Das Zugangserschwerungsgesetz dient ausschließlich der Prävention. Verkehrs- und Nutzungsdaten, die aufgrund der Zugangserschwerung bei der Umleitung auf die Stopp-Meldung anfallen, dürfen nicht für Zwecke der Strafverfolgung verwendet werden. Damit wird auch ausgeschlossen, dass sich durch Spam-Mails fehlgeleitete Nutzer einem Ermittlungsverfahren ausgesetzt sehen. Zudem ist keine Speicherung personenbezogener Daten bei den Internetprovidern vorgesehen.
Grundsätzlich sind wir für eine Löschung kinderpornografischer Inhalte im Internet. Die Aufnahme in die Sperrliste des BKA erfolgt nur, soweit zulässige Maßnahmen, die auf eine Löschung abzielen, keinen Erfolg haben.
Die Sperrung kann und wird die Nachfrage dämpfen. Auch wenn man mit einer solchen Zugangssperre nicht jegliche Verbreitung im Internet ausschließen, sondern nur erschweren kann, ist es wichtig, die Hemmschwelle und damit die Sensibilität im Umgang mit solch kriminellen Inhalten deutlich zu erhöhen.
Sie sehen: Das Zugangserschwerungsgesetz ist kein Einstieg in die Zensur. Vielmehr wird derjenige belangt, der das Internet als Raum für Straftaten nutzt - ebenso, wie er auch in der ,realen Welt´ belangt werden würde. Datenschutz und Rechtsschutz sind gewährleistet. Und die Verbreitung von Kinderpornografie im Internet wird deutlich erschwert.
Im Koalitionsvertrag 2005 hatten wir festgeschrieben, dass CDU/CSU und SPD stets gemeinsam abstimmen. Das ist sinnvoll, denn das gewährleistet eine starke und handlungsfähige Regierung. Das bedeutet aber auch, dass wir uns bei jedem Gesetz auf einen Kompromiss einigen mussten. Es liegt in der Natur des Kompromisses, dass er sich von der jeweiligen Parteiposition unterscheidet. Ich finde jedoch, dass wir beim Zugangserschwerungsgesetz einen guten Kompromiss erzielt und als SPD unsere jeweiligen Forderungen durchgesetzt haben. Deswegen stehe ich zu meiner Entscheidung.
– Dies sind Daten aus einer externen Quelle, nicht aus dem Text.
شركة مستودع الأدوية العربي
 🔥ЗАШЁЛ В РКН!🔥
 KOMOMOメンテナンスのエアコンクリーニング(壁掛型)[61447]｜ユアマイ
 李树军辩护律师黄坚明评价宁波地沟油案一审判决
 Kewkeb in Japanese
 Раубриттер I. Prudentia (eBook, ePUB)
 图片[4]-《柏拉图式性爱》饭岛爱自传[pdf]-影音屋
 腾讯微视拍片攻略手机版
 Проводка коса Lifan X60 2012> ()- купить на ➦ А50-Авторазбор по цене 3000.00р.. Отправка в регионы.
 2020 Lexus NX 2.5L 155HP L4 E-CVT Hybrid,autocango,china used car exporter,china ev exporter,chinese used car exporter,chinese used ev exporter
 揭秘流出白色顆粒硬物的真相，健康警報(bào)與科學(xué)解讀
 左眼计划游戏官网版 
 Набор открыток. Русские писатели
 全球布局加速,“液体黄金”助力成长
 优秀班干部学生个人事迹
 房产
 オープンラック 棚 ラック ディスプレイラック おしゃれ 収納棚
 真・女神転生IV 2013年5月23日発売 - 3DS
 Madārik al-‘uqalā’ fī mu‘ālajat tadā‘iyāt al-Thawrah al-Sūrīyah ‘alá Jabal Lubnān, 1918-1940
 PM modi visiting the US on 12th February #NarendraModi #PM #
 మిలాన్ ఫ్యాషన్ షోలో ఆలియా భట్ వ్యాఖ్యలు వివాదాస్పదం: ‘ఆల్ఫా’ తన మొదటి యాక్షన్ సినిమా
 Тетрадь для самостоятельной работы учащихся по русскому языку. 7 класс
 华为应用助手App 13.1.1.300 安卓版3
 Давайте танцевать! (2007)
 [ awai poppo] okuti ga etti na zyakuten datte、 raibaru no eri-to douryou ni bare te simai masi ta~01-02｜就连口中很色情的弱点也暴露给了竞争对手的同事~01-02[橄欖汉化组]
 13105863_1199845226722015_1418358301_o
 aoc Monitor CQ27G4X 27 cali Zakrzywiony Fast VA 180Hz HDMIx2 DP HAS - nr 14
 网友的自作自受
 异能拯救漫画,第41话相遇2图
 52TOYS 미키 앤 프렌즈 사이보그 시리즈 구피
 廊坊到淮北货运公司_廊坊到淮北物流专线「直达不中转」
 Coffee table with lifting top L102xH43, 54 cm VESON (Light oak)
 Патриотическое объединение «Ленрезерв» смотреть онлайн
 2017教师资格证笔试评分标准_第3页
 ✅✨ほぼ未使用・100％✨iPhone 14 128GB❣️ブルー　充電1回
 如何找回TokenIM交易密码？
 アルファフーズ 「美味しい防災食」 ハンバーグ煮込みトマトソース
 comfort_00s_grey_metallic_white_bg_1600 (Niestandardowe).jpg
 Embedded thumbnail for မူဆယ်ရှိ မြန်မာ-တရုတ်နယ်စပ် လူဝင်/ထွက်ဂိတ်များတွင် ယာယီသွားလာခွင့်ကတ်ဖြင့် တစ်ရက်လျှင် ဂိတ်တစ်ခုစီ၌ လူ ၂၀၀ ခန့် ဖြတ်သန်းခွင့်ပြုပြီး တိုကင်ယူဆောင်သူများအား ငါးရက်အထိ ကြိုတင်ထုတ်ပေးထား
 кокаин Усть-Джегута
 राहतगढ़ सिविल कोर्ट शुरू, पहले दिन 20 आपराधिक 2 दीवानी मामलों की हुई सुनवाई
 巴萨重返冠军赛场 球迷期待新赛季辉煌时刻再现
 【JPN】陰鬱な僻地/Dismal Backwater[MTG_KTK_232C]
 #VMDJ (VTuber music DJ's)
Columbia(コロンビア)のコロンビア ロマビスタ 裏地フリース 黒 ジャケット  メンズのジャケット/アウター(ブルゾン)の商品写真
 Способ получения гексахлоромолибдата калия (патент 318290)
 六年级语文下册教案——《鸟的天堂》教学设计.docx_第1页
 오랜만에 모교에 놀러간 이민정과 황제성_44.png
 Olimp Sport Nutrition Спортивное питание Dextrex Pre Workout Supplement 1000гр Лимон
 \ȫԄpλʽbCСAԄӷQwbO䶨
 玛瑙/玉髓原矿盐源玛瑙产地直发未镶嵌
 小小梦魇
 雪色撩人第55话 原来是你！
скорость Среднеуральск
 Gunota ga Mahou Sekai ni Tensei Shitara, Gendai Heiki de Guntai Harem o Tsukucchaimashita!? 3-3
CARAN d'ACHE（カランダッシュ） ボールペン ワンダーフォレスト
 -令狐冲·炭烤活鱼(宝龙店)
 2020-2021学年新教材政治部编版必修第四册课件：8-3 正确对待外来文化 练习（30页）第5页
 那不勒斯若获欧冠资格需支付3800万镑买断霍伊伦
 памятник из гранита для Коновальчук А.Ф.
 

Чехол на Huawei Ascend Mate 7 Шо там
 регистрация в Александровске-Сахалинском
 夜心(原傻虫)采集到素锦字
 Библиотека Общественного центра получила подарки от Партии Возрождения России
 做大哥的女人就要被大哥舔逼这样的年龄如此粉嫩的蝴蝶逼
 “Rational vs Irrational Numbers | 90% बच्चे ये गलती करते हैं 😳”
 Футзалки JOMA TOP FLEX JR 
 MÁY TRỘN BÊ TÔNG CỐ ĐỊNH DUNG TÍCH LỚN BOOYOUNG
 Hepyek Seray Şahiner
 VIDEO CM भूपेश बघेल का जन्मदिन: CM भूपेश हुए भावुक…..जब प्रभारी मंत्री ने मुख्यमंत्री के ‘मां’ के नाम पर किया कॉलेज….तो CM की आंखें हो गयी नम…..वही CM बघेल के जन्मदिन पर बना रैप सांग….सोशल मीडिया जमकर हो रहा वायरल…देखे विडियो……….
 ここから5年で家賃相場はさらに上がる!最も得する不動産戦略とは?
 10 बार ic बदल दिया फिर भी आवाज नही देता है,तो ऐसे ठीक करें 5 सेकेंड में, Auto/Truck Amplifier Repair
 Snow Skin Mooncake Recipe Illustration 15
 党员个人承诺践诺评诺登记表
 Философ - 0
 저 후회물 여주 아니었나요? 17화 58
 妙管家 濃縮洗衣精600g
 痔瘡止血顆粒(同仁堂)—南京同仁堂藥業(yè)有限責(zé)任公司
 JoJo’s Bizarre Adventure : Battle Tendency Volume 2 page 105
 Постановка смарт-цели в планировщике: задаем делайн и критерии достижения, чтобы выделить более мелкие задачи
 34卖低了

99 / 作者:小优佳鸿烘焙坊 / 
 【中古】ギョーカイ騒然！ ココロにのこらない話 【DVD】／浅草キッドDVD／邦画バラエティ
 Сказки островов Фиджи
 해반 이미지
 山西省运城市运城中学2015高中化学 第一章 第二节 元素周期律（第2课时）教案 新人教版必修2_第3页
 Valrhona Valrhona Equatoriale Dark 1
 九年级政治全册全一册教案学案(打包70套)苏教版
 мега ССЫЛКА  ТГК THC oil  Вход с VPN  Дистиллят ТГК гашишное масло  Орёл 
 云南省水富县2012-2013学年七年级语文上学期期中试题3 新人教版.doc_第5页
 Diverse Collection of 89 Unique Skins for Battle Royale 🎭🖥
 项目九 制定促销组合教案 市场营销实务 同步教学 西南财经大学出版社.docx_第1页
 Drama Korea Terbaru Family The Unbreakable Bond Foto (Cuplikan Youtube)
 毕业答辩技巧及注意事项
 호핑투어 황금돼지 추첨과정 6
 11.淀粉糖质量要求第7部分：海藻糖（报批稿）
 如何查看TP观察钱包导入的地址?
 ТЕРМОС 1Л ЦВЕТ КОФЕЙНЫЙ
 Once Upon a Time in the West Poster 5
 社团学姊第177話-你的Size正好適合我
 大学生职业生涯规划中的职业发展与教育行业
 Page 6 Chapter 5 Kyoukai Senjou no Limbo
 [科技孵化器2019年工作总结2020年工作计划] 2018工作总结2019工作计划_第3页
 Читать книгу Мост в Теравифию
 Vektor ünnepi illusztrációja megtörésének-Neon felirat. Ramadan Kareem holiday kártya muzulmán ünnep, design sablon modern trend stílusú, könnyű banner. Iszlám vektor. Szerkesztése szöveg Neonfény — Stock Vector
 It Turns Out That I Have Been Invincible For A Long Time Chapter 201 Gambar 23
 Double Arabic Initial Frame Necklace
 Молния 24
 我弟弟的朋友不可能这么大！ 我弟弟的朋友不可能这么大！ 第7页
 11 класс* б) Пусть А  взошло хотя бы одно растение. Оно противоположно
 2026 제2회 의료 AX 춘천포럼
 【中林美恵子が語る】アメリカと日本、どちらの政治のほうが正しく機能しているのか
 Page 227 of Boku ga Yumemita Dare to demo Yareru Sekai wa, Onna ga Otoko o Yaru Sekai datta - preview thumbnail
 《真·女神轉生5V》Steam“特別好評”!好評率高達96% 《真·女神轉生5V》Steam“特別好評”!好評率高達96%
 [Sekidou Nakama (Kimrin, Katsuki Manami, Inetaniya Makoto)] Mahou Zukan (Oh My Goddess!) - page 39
Die Frage, wie ich über diesen Entwurf unter Schwarz-Gelb abgestimmt hätte, stellt sich gar nicht. Schwarz-Gelb hat als Geschenk für die FDP in den Koalitionsverhandlungen beschlossen, die Internetsperren auszusetzen. Mit der Begründung, dass stattdessen kinderpornografische Inhalte gelöscht werden sollen. Das ist ein äußerst einfacher Bluff, denn das Prinzip "Löschen vor Sperren" ist aufgrund von SPD-Bemühungen bereits Inhalt des Gesetzes. Die Seiten, die auf die Sperrliste kommen sollten, liegen auf ausländischen Servern und können aufgrund deutscher Gesetzgebung gar nicht gelöscht werden. Daran kann auch Schwarz-Gelb nichts ändern. Um die Bekämpfung von Kinderpornografie effizient zu gestalten führen wir sie auf mehreren Ebenen und mit einer Vielzahl von Maßnahmen. Ohne die Internetsperren fehlt eine dieser Maßnahmen.